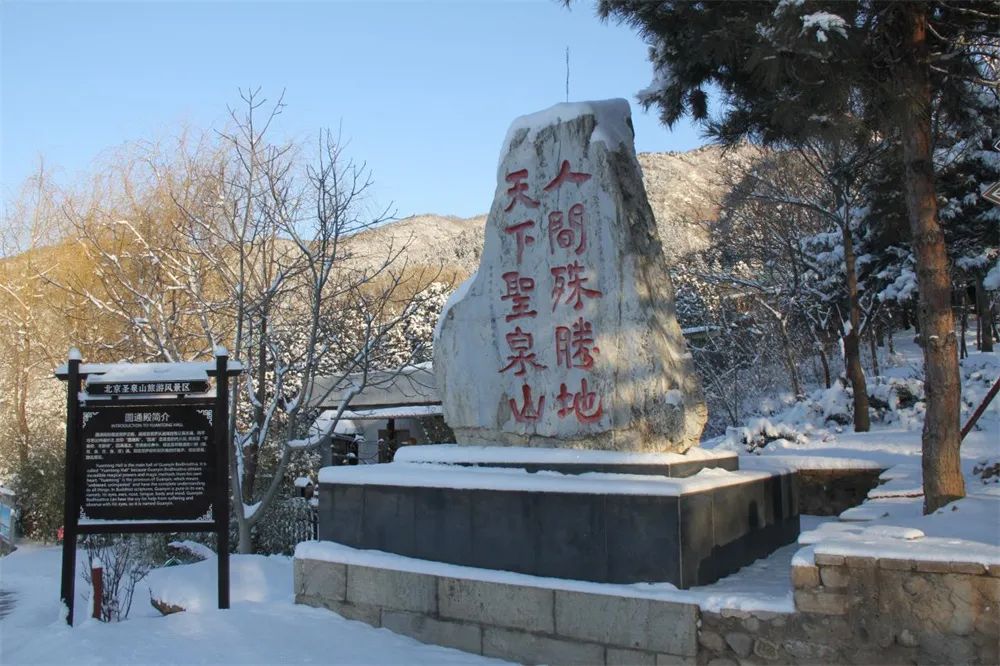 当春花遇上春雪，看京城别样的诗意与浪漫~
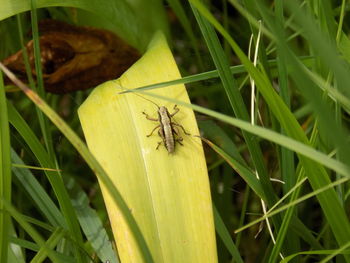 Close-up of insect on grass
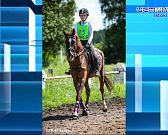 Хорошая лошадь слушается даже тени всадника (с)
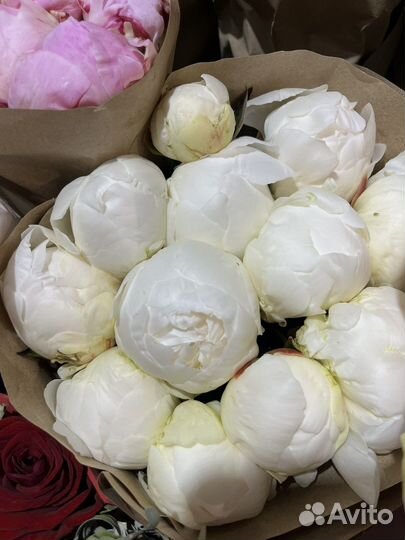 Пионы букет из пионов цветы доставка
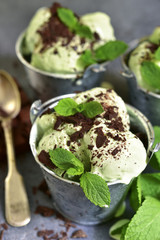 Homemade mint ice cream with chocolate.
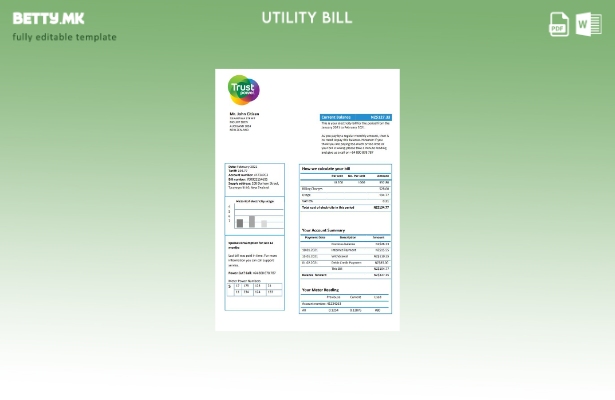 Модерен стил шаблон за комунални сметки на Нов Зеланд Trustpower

...

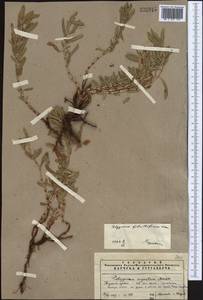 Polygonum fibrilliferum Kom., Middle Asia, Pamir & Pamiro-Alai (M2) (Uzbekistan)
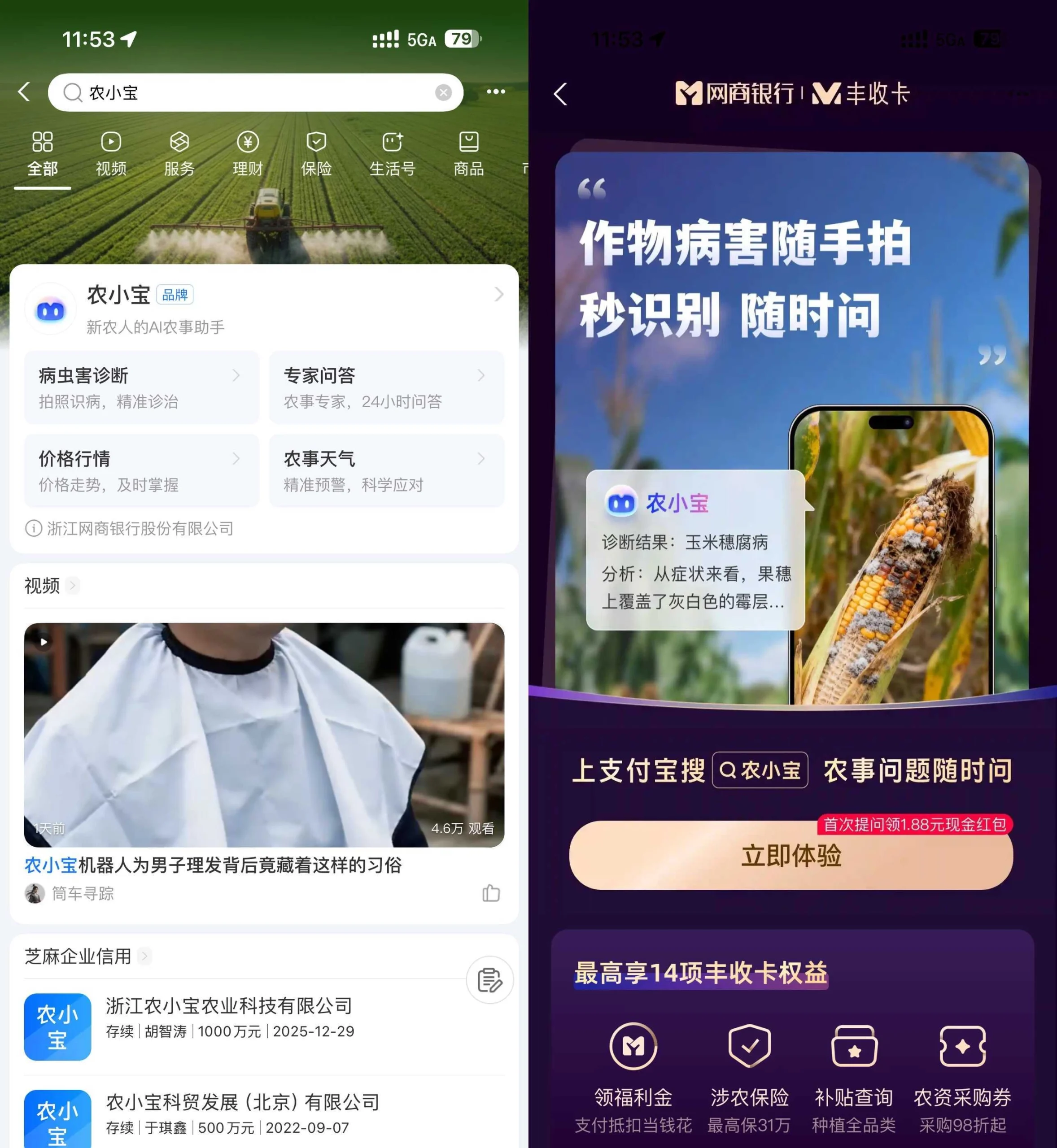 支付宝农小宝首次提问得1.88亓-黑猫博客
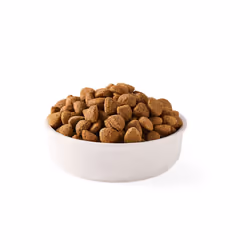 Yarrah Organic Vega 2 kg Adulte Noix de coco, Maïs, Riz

* * *

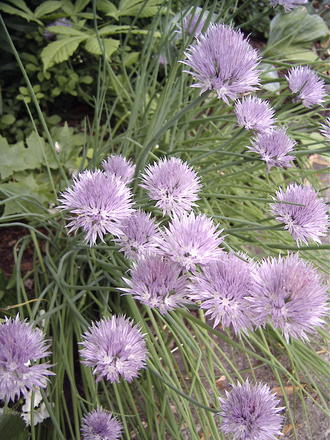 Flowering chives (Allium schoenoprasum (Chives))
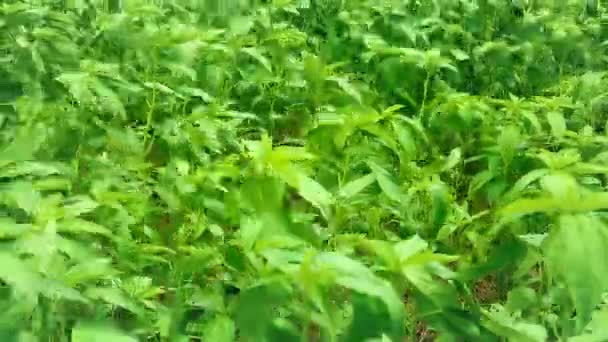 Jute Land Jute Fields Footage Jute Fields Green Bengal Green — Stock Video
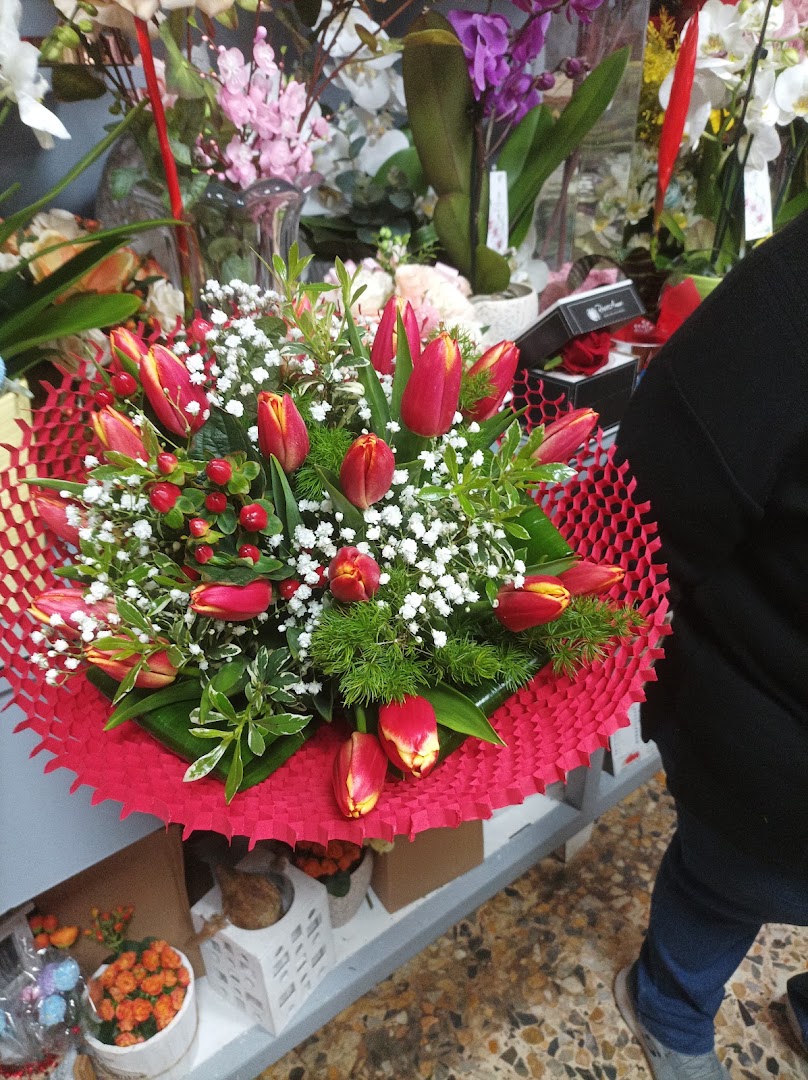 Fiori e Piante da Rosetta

__WHAT THE EXERCISE ASKS__:
Repeat exactly the stretch of the listing above that starts with the line holding "Flowering chives (Allium" and finishes with the line holding "Fiori e Piante da Rosetta", both included. Skip every picture.

__TASK ANSWER__:
 Flowering chives (Allium schoenoprasum (Chives))
 Jute Land Jute Fields Footage Jute Fields Green Bengal Green — Stock Video
 Fiori e Piante da Rosetta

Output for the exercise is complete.